Quant'è travagliata e miscidata la storia delle nostre patrie lettere, e quanto grande, d'altra parte, la giullaresca adattabilità dei nostri maitres à penser, di fronte a certe pressure avanguardistiche!
Il virgolettato di cui sopra, appartiene a un intellettuale, non 'compagno' militante ma, però, "magna pars" del famoso Gruppo 63, prevalentemente formato da intellettuali di sinistra!
Nella rivoluzione formale dell' avanguardia artistico-letteraria italiana dei primi anni '60, l'esigenza primaria ( elitaria) era stata quella di costruire una totalità ' altra 'rispetto al sistema borghese-capitalistico, partendo dalla destrutturazione e dallo sventramento del linguaggio tradizionale, fino alla sua nullificazione, se non all'afasia; inserire, insomma, una forte carica di disordine all'interno di una tradizione, per distruggere l'establishment letterario e il sistema ideologizzato della comunicazione di massa, e costruire un nuovo mondo.

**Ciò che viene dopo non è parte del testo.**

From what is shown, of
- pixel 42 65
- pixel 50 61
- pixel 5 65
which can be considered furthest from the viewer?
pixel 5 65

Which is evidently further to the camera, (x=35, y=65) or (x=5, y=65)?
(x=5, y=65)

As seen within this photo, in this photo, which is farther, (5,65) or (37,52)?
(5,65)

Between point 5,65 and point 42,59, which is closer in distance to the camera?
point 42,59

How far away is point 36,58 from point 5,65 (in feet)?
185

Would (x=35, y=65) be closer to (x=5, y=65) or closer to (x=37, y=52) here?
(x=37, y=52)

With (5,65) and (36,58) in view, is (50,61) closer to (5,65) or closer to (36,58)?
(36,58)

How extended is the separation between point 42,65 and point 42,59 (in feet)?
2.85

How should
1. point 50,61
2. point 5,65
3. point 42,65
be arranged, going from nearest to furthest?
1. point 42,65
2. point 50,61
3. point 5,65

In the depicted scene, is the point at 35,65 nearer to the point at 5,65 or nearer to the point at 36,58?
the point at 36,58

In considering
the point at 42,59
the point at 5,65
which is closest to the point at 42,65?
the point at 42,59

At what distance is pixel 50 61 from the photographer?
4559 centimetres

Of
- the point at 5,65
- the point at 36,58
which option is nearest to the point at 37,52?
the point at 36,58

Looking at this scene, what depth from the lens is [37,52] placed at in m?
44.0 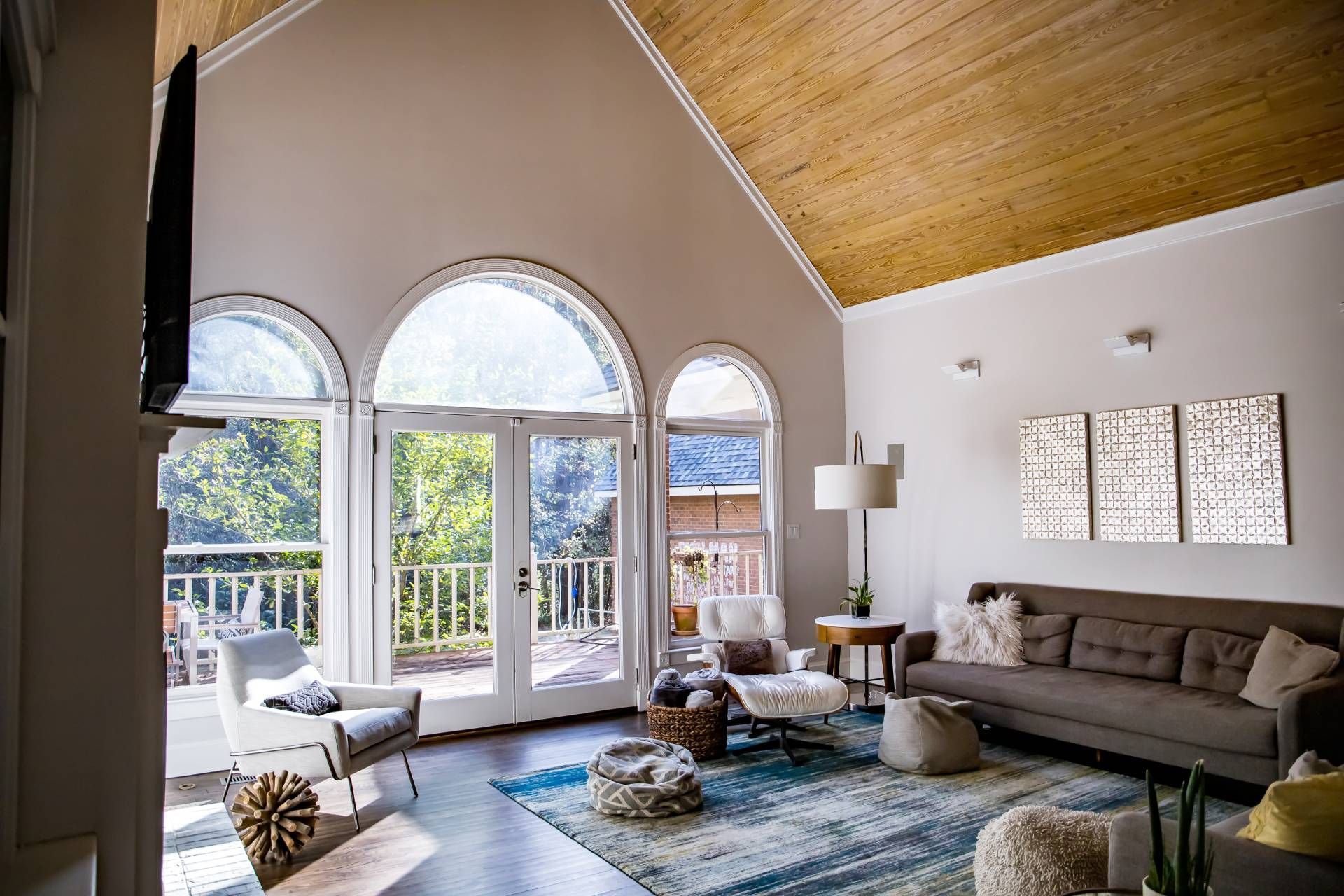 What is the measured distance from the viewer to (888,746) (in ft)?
15.8

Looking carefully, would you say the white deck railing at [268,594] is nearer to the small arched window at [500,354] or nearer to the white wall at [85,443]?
the small arched window at [500,354]

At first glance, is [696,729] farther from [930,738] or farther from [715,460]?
[715,460]

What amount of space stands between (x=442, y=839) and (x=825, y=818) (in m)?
1.69

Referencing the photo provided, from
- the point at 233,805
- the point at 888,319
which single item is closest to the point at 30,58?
the point at 233,805

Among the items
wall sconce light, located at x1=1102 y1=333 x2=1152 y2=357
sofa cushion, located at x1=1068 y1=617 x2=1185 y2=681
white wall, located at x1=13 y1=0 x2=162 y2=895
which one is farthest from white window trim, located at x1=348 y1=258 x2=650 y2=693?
white wall, located at x1=13 y1=0 x2=162 y2=895

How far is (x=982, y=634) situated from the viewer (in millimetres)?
5668

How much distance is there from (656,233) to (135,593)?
5.28 meters

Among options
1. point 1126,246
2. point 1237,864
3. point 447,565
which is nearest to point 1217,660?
point 1126,246

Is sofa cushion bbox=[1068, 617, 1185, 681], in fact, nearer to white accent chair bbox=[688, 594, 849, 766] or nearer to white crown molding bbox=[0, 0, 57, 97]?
white accent chair bbox=[688, 594, 849, 766]

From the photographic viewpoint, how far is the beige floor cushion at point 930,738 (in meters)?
4.67

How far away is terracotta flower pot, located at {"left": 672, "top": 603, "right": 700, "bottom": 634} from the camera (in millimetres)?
6547

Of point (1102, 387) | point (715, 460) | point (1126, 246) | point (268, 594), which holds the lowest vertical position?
point (268, 594)

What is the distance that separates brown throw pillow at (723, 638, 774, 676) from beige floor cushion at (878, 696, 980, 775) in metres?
1.05

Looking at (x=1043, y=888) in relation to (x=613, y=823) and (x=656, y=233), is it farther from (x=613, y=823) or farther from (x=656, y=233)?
(x=656, y=233) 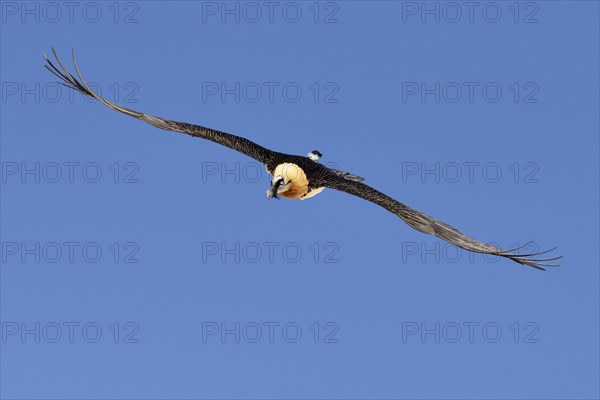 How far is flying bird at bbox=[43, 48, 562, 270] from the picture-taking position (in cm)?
2717

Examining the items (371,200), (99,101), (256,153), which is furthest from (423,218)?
(99,101)

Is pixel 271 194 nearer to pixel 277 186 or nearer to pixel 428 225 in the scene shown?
pixel 277 186

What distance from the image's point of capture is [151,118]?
3128cm

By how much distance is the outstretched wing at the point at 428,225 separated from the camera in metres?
25.7

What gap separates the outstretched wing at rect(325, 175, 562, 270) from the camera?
84.3 ft

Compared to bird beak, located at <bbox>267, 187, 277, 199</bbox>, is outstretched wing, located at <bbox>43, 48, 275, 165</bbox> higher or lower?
higher

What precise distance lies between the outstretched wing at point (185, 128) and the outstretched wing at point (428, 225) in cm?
304

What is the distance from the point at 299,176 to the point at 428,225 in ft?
14.4

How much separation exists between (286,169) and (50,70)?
8.10m

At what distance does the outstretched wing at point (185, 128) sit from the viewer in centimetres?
3027

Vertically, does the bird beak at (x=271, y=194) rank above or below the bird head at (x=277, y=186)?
below

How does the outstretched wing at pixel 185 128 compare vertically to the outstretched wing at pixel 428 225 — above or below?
above

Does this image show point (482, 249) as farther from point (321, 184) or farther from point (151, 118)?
point (151, 118)

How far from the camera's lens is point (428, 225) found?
1073 inches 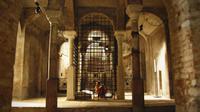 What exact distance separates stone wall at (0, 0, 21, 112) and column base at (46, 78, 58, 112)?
8.26 ft

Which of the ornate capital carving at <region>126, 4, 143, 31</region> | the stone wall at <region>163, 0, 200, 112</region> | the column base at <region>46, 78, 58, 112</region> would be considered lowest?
the column base at <region>46, 78, 58, 112</region>

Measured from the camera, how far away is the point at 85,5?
525 inches

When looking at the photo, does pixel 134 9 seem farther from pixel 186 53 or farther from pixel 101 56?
pixel 101 56

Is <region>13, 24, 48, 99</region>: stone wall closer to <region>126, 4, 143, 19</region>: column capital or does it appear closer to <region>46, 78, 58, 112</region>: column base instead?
<region>46, 78, 58, 112</region>: column base

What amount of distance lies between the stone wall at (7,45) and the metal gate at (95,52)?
28.5 ft

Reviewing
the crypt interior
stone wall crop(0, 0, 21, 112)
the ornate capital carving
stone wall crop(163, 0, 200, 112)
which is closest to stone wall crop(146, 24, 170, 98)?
the crypt interior

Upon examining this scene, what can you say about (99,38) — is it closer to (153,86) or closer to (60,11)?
(153,86)

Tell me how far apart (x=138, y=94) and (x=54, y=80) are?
3162mm

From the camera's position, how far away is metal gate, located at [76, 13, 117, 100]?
1505cm

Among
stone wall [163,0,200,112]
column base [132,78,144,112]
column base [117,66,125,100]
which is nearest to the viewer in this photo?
stone wall [163,0,200,112]

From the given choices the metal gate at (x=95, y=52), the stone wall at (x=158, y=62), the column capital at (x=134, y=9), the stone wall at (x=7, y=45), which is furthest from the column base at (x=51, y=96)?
the stone wall at (x=158, y=62)

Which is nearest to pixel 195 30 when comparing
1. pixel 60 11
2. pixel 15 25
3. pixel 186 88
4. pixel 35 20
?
pixel 186 88

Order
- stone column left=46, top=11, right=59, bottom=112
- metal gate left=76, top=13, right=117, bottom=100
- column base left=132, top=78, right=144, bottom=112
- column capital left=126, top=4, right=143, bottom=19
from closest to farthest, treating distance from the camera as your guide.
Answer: column base left=132, top=78, right=144, bottom=112 → stone column left=46, top=11, right=59, bottom=112 → column capital left=126, top=4, right=143, bottom=19 → metal gate left=76, top=13, right=117, bottom=100

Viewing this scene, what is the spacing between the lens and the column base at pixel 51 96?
7.96 meters
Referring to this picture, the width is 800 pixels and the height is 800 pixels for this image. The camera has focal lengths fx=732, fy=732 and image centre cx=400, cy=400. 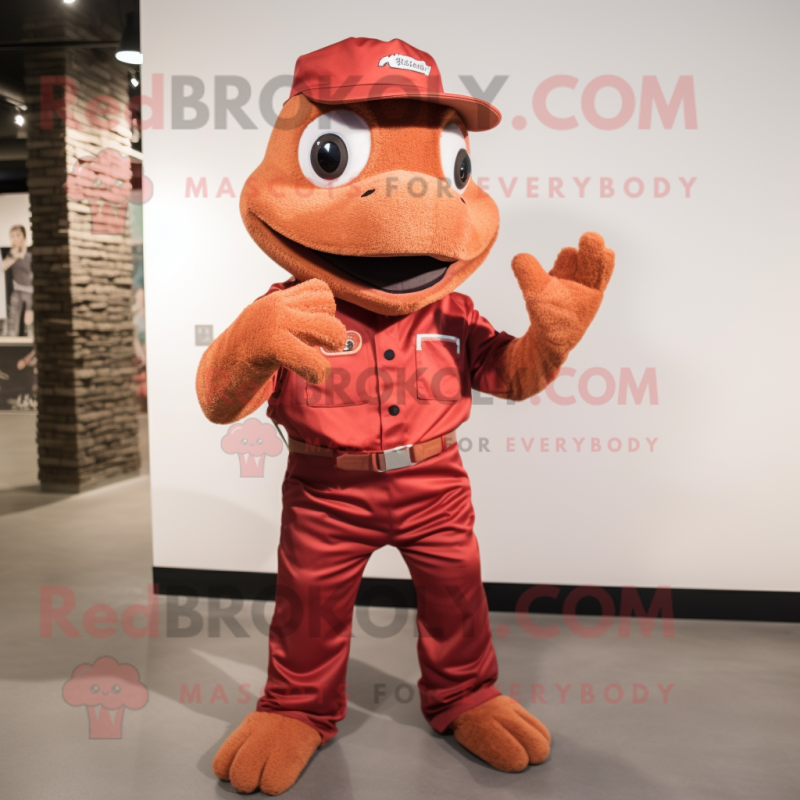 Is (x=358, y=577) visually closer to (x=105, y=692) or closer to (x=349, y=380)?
(x=349, y=380)

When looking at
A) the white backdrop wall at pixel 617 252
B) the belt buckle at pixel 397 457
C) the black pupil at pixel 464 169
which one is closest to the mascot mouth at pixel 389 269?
the black pupil at pixel 464 169

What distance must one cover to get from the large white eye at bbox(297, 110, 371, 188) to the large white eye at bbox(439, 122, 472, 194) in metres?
0.17

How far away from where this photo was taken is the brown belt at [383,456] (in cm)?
161

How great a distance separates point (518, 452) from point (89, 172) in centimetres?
335

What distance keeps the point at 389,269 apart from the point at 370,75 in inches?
15.1

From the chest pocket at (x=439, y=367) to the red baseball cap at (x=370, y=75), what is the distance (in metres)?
0.51

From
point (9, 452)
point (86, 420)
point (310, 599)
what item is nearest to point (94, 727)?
point (310, 599)

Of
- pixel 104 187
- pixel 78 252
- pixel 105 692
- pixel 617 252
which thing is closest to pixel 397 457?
pixel 105 692

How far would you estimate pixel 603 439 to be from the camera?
2.56m

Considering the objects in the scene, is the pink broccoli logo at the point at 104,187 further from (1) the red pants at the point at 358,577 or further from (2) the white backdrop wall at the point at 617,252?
(1) the red pants at the point at 358,577

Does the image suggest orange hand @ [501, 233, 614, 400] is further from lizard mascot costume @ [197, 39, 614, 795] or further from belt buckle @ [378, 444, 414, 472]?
belt buckle @ [378, 444, 414, 472]

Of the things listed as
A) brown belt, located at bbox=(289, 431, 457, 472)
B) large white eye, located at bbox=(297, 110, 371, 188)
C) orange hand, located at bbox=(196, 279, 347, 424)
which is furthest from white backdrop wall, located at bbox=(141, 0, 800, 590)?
orange hand, located at bbox=(196, 279, 347, 424)

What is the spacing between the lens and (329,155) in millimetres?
1487

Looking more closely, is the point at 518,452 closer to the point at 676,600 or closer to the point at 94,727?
the point at 676,600
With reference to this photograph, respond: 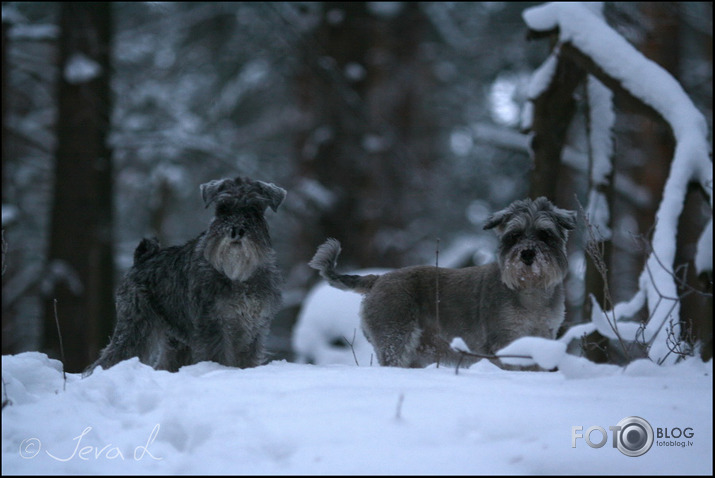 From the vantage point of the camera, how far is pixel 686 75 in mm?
18375

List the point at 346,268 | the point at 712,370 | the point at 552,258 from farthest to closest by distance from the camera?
the point at 346,268, the point at 552,258, the point at 712,370

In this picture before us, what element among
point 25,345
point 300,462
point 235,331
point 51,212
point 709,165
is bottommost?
point 25,345

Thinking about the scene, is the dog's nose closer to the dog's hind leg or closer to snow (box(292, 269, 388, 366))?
the dog's hind leg

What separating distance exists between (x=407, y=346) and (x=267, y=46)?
11.8 m

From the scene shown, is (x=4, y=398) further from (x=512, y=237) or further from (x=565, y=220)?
(x=565, y=220)

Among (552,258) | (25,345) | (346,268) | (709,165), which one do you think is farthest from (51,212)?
(709,165)

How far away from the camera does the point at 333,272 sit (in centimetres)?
759

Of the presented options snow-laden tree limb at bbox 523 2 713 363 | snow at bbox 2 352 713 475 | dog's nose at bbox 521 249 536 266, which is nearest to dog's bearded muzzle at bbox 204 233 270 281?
snow at bbox 2 352 713 475

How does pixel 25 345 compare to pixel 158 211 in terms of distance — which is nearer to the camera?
pixel 25 345

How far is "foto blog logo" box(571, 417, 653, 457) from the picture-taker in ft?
12.3

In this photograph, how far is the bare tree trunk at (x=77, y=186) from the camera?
1335 centimetres

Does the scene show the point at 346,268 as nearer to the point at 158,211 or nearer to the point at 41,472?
the point at 158,211

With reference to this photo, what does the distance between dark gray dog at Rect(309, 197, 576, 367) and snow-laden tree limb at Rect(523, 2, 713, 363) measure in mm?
872

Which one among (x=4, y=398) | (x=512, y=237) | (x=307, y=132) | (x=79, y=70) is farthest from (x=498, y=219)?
(x=307, y=132)
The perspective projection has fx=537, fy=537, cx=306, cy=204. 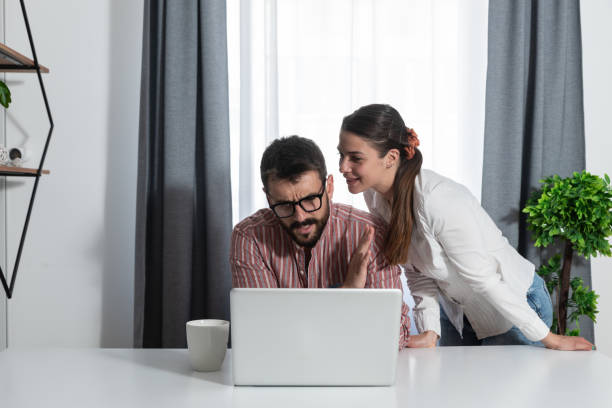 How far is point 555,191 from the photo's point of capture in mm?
2059

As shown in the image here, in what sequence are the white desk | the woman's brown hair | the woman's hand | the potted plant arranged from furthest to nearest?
the potted plant
the woman's brown hair
the woman's hand
the white desk

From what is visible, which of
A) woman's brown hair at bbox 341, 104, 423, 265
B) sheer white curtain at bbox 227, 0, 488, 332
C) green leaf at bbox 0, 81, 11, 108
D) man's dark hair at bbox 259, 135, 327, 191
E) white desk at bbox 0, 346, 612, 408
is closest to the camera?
white desk at bbox 0, 346, 612, 408

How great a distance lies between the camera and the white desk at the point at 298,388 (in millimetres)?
933

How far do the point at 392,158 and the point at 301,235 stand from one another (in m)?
0.40

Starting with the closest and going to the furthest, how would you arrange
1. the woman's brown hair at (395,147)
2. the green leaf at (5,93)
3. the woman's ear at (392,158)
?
1. the woman's brown hair at (395,147)
2. the woman's ear at (392,158)
3. the green leaf at (5,93)

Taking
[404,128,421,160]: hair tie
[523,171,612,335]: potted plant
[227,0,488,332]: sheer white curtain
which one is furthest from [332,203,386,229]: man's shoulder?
[523,171,612,335]: potted plant

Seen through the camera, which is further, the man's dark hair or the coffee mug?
the man's dark hair

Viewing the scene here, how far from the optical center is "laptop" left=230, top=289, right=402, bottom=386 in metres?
0.98

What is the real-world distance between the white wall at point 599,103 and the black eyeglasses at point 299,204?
1.56 meters

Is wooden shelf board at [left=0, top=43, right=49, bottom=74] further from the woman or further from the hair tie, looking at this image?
the hair tie

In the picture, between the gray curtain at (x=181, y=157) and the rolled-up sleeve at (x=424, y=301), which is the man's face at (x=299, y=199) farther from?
the gray curtain at (x=181, y=157)

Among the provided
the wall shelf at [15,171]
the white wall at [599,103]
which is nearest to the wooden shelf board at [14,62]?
the wall shelf at [15,171]

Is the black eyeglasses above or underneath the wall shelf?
underneath

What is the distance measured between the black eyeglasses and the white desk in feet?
1.35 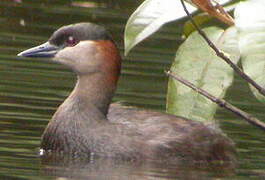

La letteratura è artificio e menzogna. E il linguaggio? Auto-organizzazione anarchica; presenza di un'assenza, fuoco d'artificio, proliferazione formale, ripetizione, gusto del superfluo e ridondanza. Questo appello provocatorio, ed eversivo, all'assenza ma nelle intenzioni propedeutico a una nuova , più autentica e più vera terapia della comunicazione, finì per produrre, invece, una patologia cronica del nostro sistema mediale, di cui portiamo i segni nefasti ancora adesso.
Partiti con l'intenzione di sconfiggere la nevrosi storica del linguaggio della società capitalistica, per costruirne uno nuovo, i Novissimi dell'avanguardia degli anni '60, ci hanno lasciato come retaggio la palude del disordine, un labirinto che non è soltanto confusione e impotenza comunicativa da cui ancora non siamo usciti, ma anche malattia interiore da cui bisogna guarire! Purtroppo, è passato più di mezzo secolo da allora, e non vedo miglioramento, né mondo nuovo della comunicazione.
Forse ha ancora ragione Benjamin quando parla dell'avanguardia come "dramma dell'intelligenza borghese di fronte alla propria doppiezza, che si esprime nell'equivalenza di Museo e Mercato, di autonomia dell'attività artistica e mercificazione dei suoi prodotti destinati al consumo di massa"! Non mai la verità, e non mai il suo contrario: è il "tragico intellettuale" di ogni avanguardia.